(What you are asked to do) Copy each line in the data below that contains the word "Green".

Data to use section start

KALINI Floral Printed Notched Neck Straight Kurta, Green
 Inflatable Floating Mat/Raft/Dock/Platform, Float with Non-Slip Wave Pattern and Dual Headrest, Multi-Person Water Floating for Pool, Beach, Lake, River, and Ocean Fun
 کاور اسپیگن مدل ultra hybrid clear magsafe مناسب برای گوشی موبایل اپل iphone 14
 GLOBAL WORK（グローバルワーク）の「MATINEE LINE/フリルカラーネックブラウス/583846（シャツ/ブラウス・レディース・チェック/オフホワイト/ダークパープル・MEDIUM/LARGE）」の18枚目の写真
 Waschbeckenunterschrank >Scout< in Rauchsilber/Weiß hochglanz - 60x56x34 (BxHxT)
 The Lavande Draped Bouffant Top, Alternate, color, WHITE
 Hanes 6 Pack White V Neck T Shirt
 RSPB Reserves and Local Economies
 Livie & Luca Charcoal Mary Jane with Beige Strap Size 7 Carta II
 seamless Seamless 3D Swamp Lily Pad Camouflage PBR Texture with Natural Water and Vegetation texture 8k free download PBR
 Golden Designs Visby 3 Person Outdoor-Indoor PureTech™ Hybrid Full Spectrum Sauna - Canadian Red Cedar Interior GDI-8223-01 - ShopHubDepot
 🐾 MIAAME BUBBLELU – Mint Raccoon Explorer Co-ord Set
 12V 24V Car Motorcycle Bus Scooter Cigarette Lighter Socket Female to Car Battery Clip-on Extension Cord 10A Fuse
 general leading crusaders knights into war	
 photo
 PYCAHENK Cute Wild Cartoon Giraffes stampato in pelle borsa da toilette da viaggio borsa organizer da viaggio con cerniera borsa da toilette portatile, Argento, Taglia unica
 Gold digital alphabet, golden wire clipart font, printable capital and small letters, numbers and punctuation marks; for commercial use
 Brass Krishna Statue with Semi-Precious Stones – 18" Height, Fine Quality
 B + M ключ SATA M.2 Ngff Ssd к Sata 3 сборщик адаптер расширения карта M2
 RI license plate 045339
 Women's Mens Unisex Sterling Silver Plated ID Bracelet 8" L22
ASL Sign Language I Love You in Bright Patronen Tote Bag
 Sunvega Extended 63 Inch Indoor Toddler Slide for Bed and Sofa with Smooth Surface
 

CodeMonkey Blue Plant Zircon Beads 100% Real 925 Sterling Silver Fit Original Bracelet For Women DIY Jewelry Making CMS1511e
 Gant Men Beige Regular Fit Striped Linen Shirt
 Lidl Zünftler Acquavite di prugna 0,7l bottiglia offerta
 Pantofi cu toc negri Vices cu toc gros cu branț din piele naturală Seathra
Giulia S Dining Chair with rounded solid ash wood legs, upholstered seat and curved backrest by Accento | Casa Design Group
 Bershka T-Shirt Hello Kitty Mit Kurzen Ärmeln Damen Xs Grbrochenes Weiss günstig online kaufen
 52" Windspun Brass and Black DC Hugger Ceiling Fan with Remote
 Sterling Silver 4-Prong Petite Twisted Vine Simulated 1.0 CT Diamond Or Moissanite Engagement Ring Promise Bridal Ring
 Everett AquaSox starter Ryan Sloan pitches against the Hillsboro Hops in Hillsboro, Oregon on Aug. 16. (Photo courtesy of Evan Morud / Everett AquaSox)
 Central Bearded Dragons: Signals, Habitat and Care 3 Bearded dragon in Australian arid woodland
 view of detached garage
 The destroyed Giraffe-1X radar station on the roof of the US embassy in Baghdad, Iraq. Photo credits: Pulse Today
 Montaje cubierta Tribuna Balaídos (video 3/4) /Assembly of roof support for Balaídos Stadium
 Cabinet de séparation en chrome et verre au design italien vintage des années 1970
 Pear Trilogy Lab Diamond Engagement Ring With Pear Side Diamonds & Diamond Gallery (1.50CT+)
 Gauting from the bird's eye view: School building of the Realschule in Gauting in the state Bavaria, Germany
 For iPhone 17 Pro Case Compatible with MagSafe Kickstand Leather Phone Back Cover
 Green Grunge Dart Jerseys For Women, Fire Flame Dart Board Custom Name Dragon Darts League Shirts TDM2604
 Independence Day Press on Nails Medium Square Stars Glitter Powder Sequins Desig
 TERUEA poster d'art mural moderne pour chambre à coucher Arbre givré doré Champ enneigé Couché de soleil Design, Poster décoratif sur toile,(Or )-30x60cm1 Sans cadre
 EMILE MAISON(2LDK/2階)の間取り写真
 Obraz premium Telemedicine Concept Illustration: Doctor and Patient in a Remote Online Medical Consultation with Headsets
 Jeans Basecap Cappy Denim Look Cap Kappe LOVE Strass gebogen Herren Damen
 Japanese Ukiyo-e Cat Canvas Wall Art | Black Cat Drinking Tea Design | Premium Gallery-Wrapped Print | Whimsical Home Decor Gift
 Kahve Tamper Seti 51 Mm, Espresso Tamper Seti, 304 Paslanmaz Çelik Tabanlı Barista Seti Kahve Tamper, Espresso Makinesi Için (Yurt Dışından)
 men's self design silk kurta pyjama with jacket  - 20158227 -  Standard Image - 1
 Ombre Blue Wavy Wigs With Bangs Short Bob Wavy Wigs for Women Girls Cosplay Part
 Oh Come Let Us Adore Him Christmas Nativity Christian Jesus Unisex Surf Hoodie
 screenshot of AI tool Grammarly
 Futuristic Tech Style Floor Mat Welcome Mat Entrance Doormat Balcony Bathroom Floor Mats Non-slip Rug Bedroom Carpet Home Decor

Data to use section end

(Expected output)
KALINI Floral Printed Notched Neck Straight Kurta, Green
 Green Grunge Dart Jerseys For Women, Fire Flame Dart Board Custom Name Dragon Darts League Shirts TDM2604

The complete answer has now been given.